For the purposes of this disclosure, a mobile application may be any set of computer executable instructions installed upon, and executed from, a user device 202. Mobile applications may be installed on a user device by a manufacturer of the user device or by another entity. In some embodiments, the mobile application 216 may cause a user device to establish a communication session with a mobile application server 204 that provides backend support for the mobile application 216. A mobile application server 204 may maintain account information associated with a particular user device and/or user. In some embodiments, a user may be required to log into a mobile application in order to access functionality provided by the mobile application 216.

In accordance with at least some embodiments, the mobile application 216 is configured to provide user information to the mobile application server 204 and to present information received from the mobile application server 204 to a user. More particularly, the mobile application 216 is configured to obtain measurement data for a user and to submit that measurement data to a mobile application server 204 in relation to a request for a streaming data augmented with virtual fit data. In some embodiments, the mobile application 216 may also receive an indication of a data stream which should be augmented with virtual fit data.

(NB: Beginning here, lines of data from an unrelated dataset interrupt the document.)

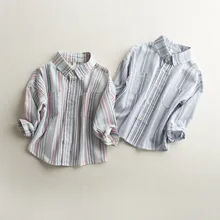 Одежда для детей Новинка года, модная Осенняя полосатая блузка с длинными рукавами для маленьких мальчиков детские однобортные рубашки из хлопка Топ для мальчиков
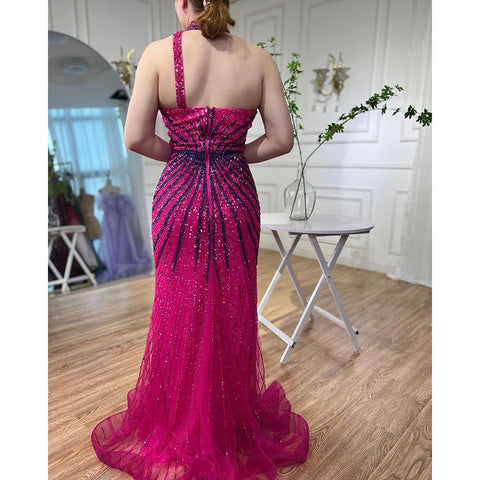 Fuchsia Halter Sleeveless Beaded Mermaid High Split Evening Dress Gown LA72092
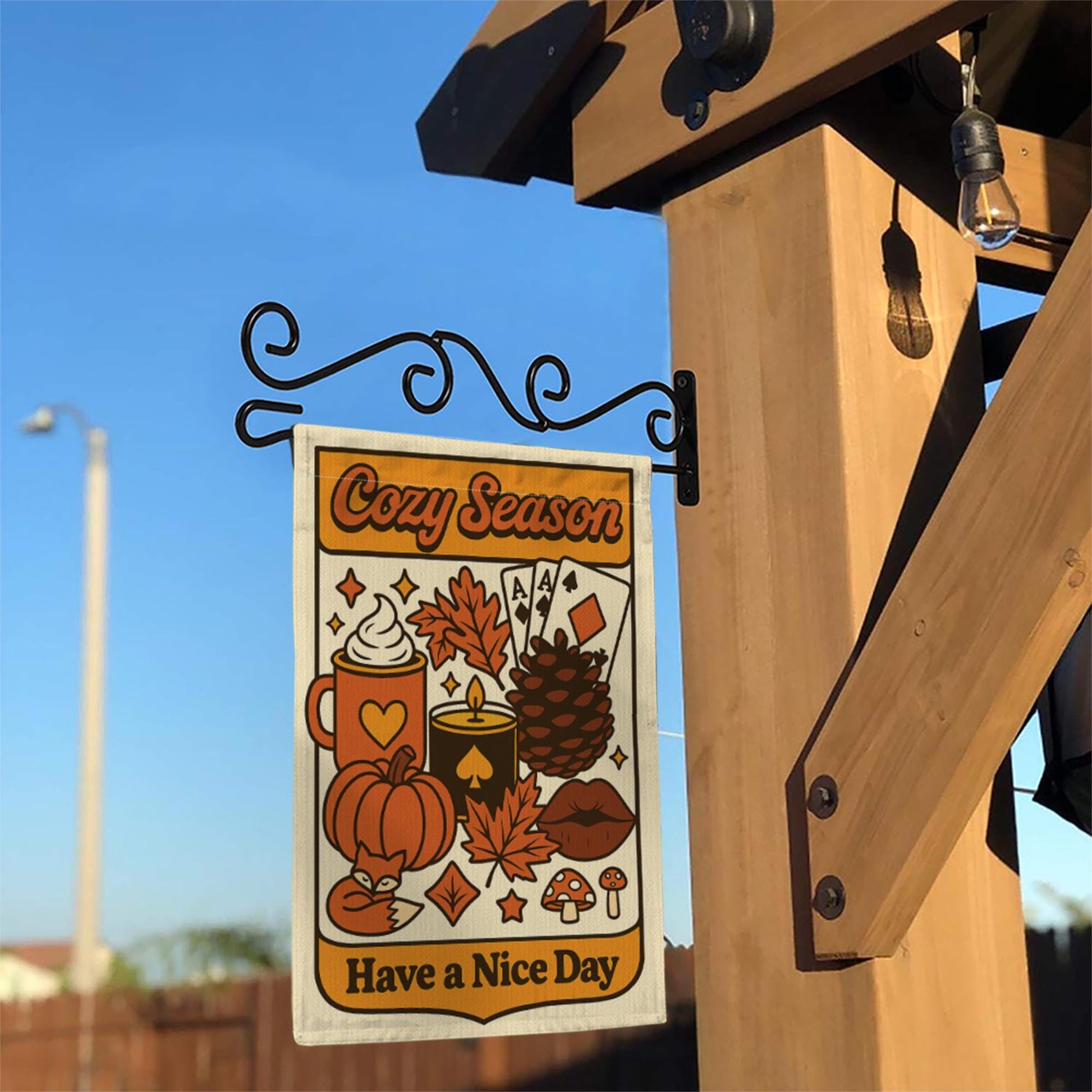 Cozy Season Garden Flag, Fall Yard Decor, Autumn Outdoor Sign, Retro Pumpkin Banner, Cute Seasonal Flag, Have a Nice Day Gift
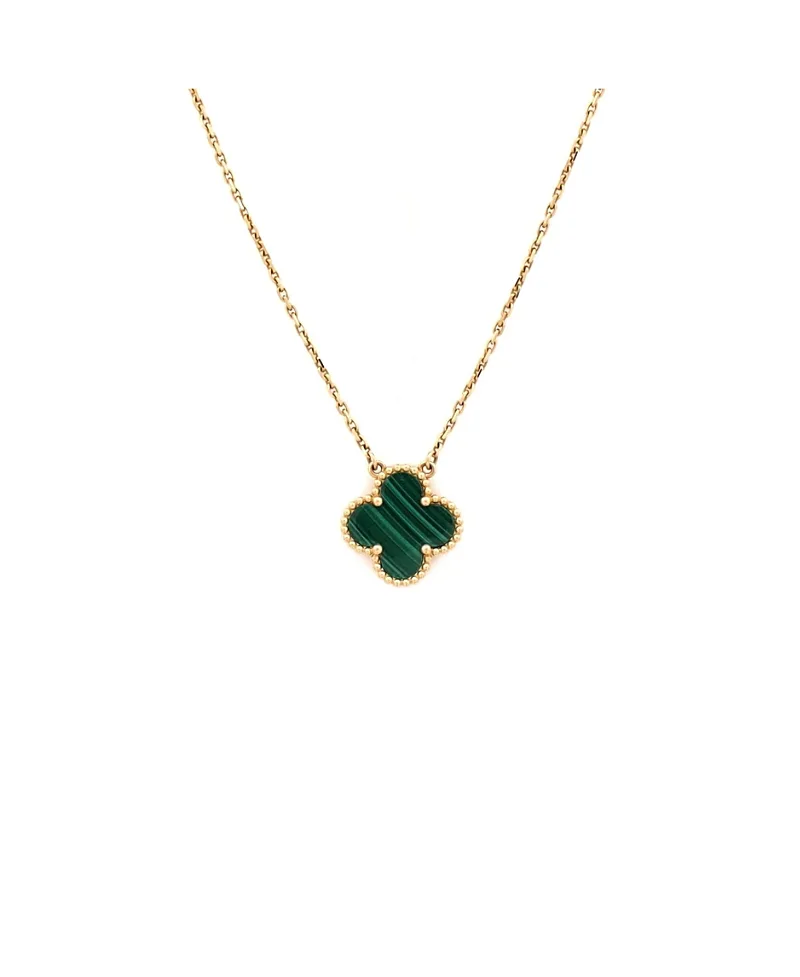 Pre-Owned Van Cleef & Arpels Vintage Alhambra Pendant Necklace 18K Gold and Malachite, 16.5" by Pre-owned Van Cleef & Arpels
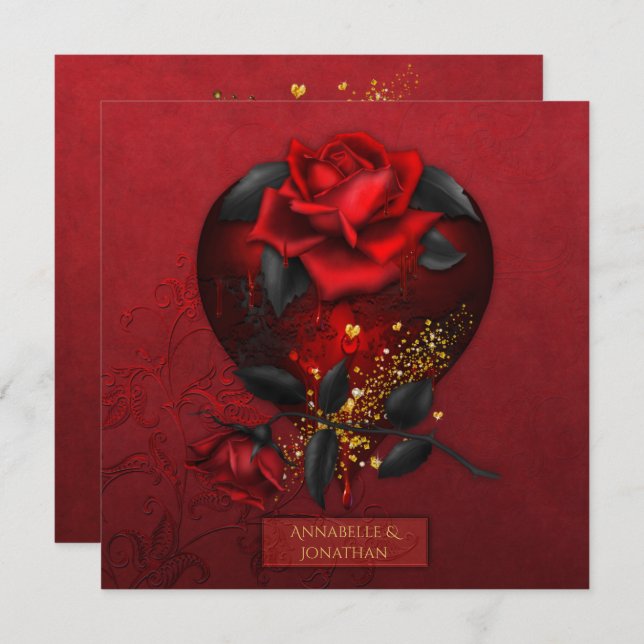 Bleeding Red Roses Black Leaves Gold Wedding | Invitation (Front/Back)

In accordance with at least some embodiments, the mobile application 216 may receive output from the input sensors 210 and generate a 3D model based upon that output. For example, the mobile application 216 may receive depth information (e.g., a range image) from a depth sensor (e.g., a range camera) , such as the depth sensors previously described with respect to input sensors 210 as well as image information from a camera input sensor. Based on this information, the mobile application 216 may determine the bounds of an object (e.g., a user) to be identified. For example, a sudden variance in depth within the depth information may indicate a border or outline of an object. In another example, the mobile application 216 may utilize one or more machine vision techniques and/or machine learning to identify the bounds of an object. In this example, the mobile application 216 may receive image information from a camera input sensor 210 and may identify potential objects within the image information based on variances in color or texture data detected within the image or based on learned patterns. In some embodiments, the mobile application 216 may cause the user device 202 to transmit the output obtained from the input sensors 210 to the mobile application server 204, which may then perform one or more object recognition techniques upon that output in order to generate a 3D model of the object.

The user device 202 may also contain a communications interface (s) 220 that enables the user device 202 to communicate with any other suitable electronic devices. In some embodiments, the communication interface 220 may enable the user device 202 to communicate with other electronic devices on a network (e.g., on a private network) . For example, the user device 202 may include a BLUETOOTH ^TM wireless communication module, which allows it to communicate with another electronic device. The user device 202 may also include input/output (I/O) device (s) and/or ports 222, such as for enabling connection with a keyboard, a mouse, a pen, a voice input device, a touch input device, a display, speakers, a printer, etc.

In some embodiments, the user device 202 may communicate with the mobile application server 204 via a communication network. The communication network may include any one or a combination of many different types of networks, such as cable networks, the Internet, wireless networks, cellular networks, and other private and/or public networks. In addition, the communication network may comprise multiple different networks. For example, the user device 202 may utilize a wireless local area network (WLAN) to communicate with a wireless router, which may then route the communication over a public network (e.g., the Internet) to the mobile application server 204.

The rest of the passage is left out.